We are looking for ways of improving the handling of common content structures like infoboxes, data tables, citations or navboxes. We'd like to

  • make their rendering more adaptable to different devices and use cases,
  • improve the editing experience, and
  • support the integration of different data sources.

Wikia and others have already done significant work on infoboxes (see links below). The details and considerations around those implementations are not the focus of this task, as the primary focus here is on identifying a minimal supporting infrastructure that we need to enable such implementations.

Page components

Page components are not much more than bits of well-formed HTML along with some metadata. Well-formed HTML along with attribute markers lets us cleanly swap out a component's rendering. Metadata documents each component's dependencies, so that we can propagate changes efficiently and reliably. Other metadata like page properties and render dependencies need to be aggregated when composing a larger page, so that ResourceLoader modules for example can be loaded for the entire page. Candidates for per-component metadata are:

  • ResourceLoader modules needed to render the component.
  • Resources used to render this component, for dependency tracking.
    • templates and Scribunto modules
    • images
    • wiki pages (for link rendering)
    • external data sources
  • Page metadata like
    • categories
    • external links
    • magic word flags
  • Caching / storage limitations, for dynamic content
  • Other page properties

For wiki content processed in the PHP parser, basically all of this information apart from external data sources is available in the ParserOutput object.

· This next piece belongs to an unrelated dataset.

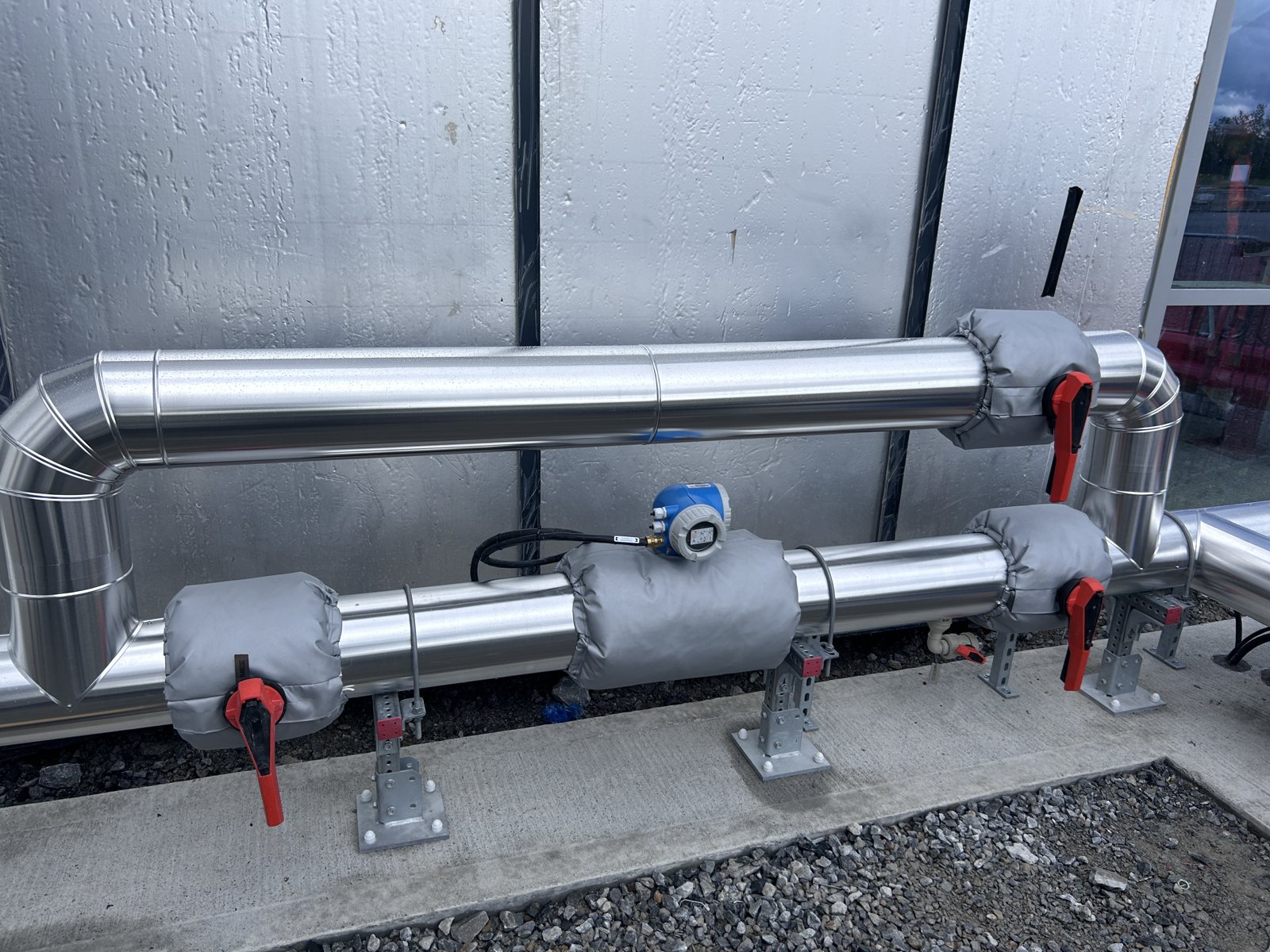 External insulated pipework with plain aluminium cladding and removable valve covers supplied and installed.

Some of this information is already exposed in the expandtemplates end point (notably missing are the list of sub-templates used), and even more is available in the parse end point.

Currently this metadata is mostly implementation-defined, and not consistently exposed in the Action API. The proposal is to document standard metadata and its semantics, and make sure that this is consistently exposed through APIs in a way that lets clients aggregate information in a generic manner (as sets, for example), without having to know about each possible bit of metadata explicitly.

Benefits of doing this include:

  • Finer-grained dependency tracking, which in turn can make updates like refreshLinks a lot more efficient.
  • More accurate page metadata tracking in VisualEditor when inserting / removing components.
  • Efficient updating of ResourceLoader modules and other dependencies when re-rendering individual components for a different context.
  • Opening up the possibility of implementing page components in separate services.

Questions

  • Can we restrict page components to a single DOM node?
  • Can we come up with a sensible aggregation of metadata that satisfies different use cases well?
    • Idea: Two blobs (or one with two sub-objects), one for view-relevant data (modules, categories, magic word flags?), one for more verbose data like dependencies.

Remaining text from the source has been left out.